SUPPLIED INFORMATION:

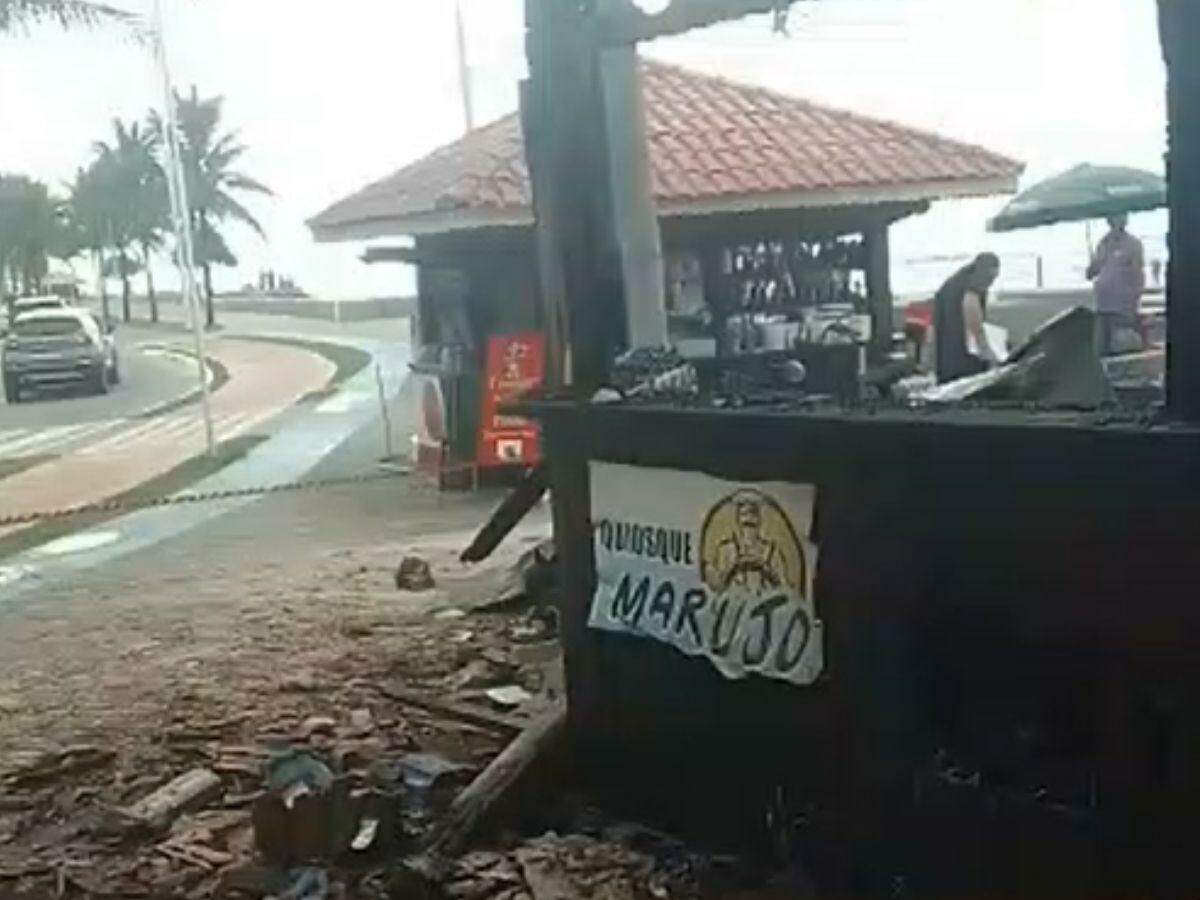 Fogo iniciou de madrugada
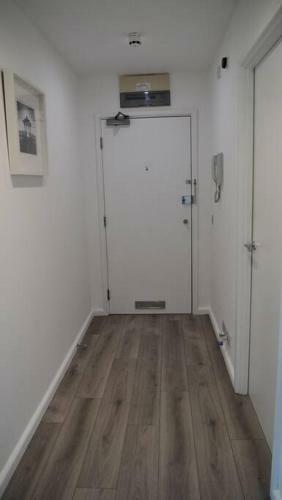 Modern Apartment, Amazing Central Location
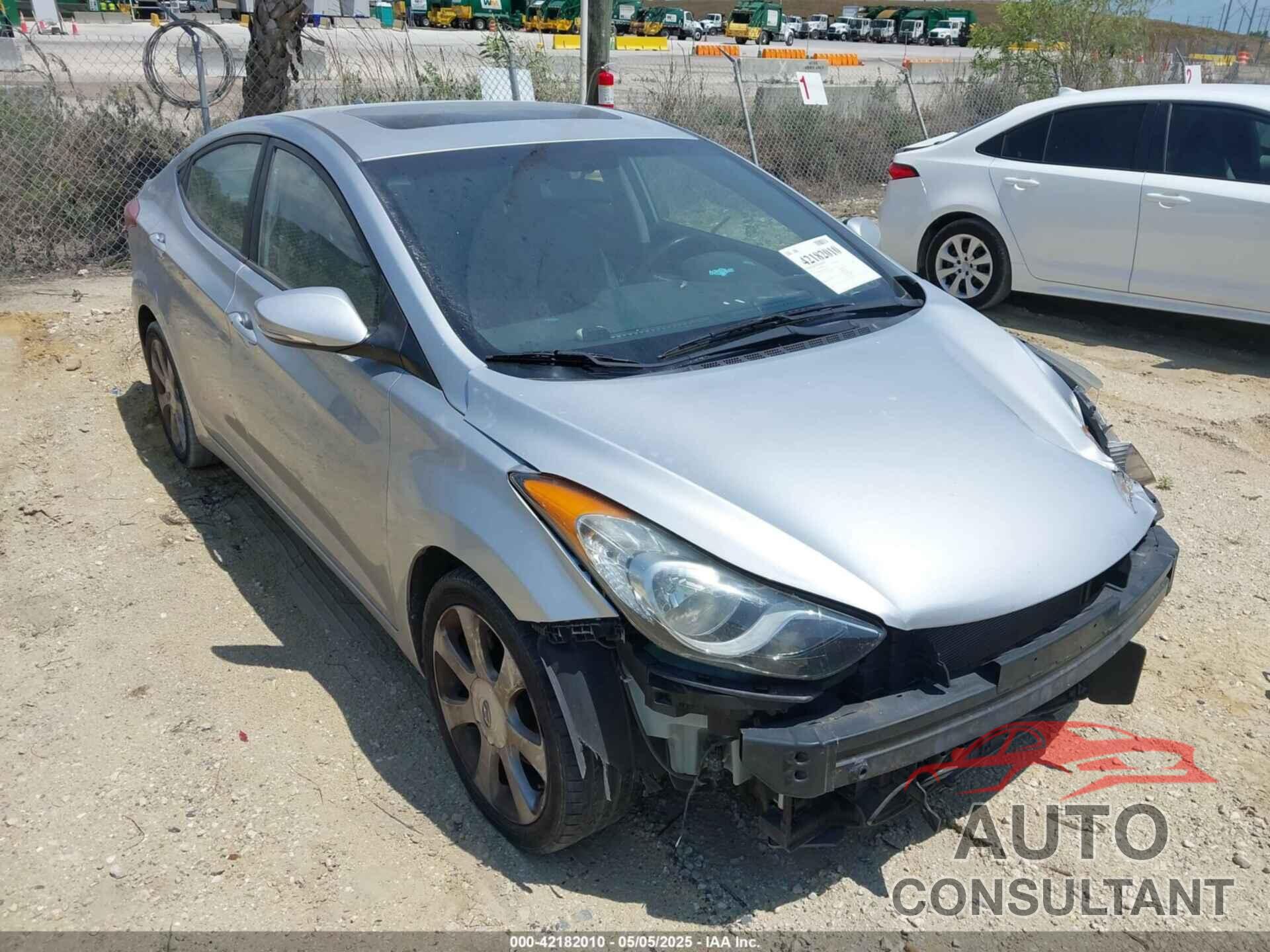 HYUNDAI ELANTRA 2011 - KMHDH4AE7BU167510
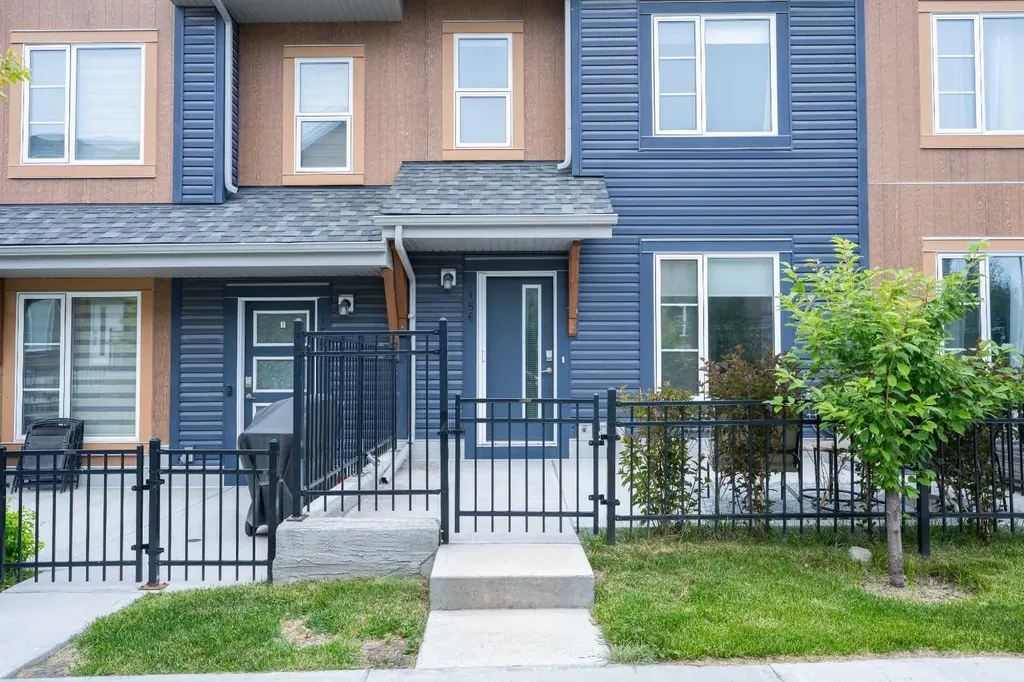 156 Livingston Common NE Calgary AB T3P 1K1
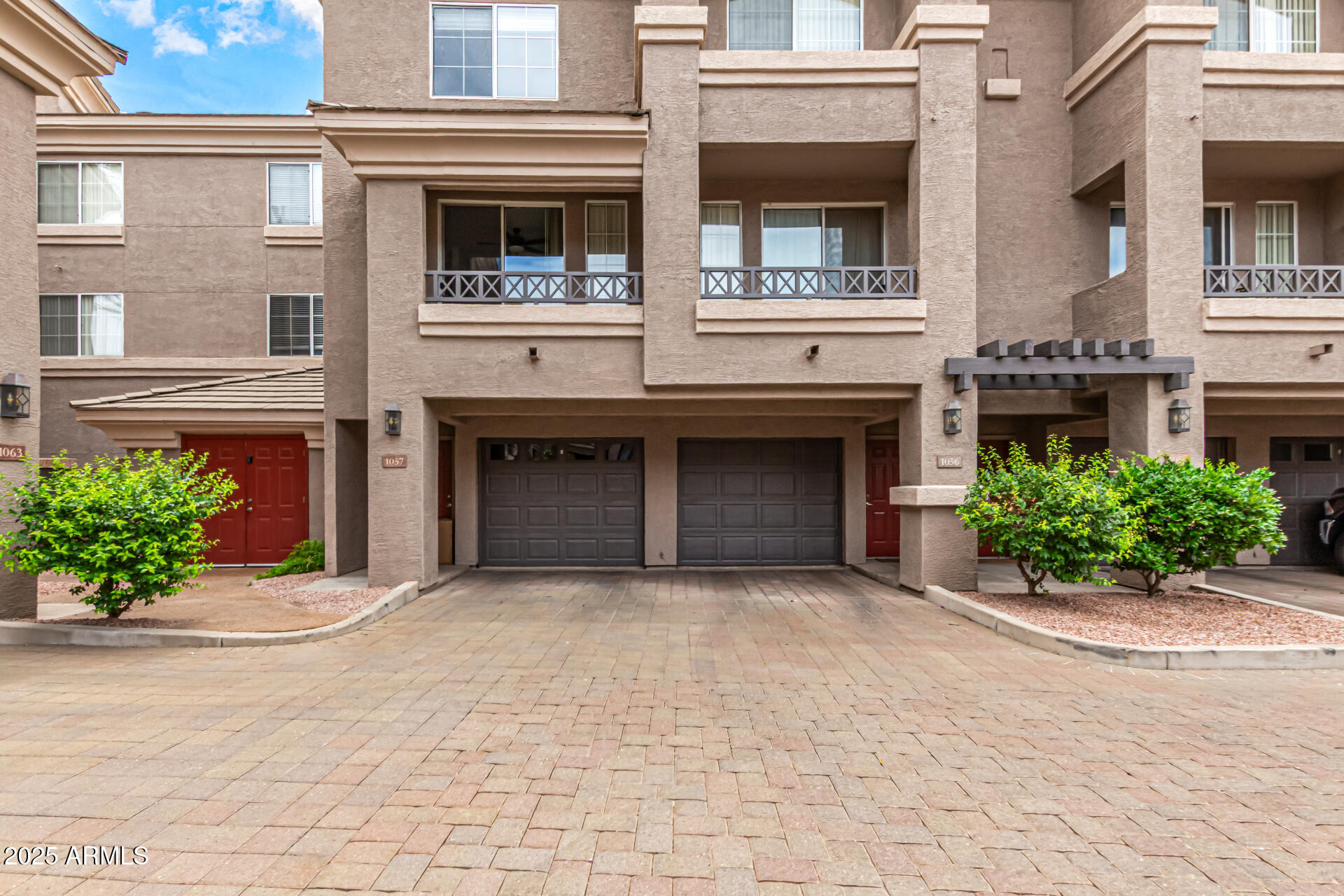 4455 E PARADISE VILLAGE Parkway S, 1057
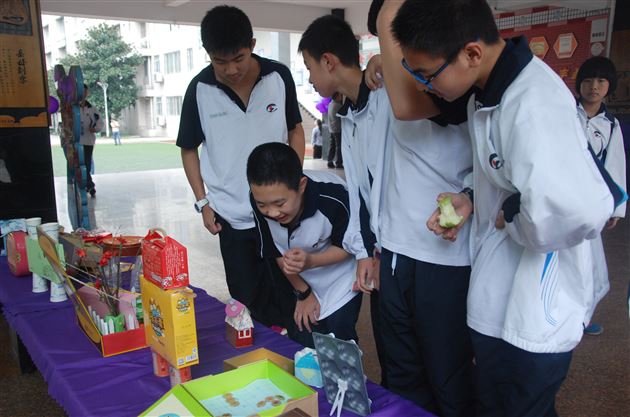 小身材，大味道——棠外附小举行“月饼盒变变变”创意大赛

TASK STATEMENT:
Exactly the lines from the one holding "4455 E PARADISE VILLAGE Parkway S, 1057" through the last line of the entries must be set down, with nothing added and no pictures.

OUTPUT BELOW:
 4455 E PARADISE VILLAGE Parkway S, 1057
 小身材，大味道——棠外附小举行“月饼盒变变变”创意大赛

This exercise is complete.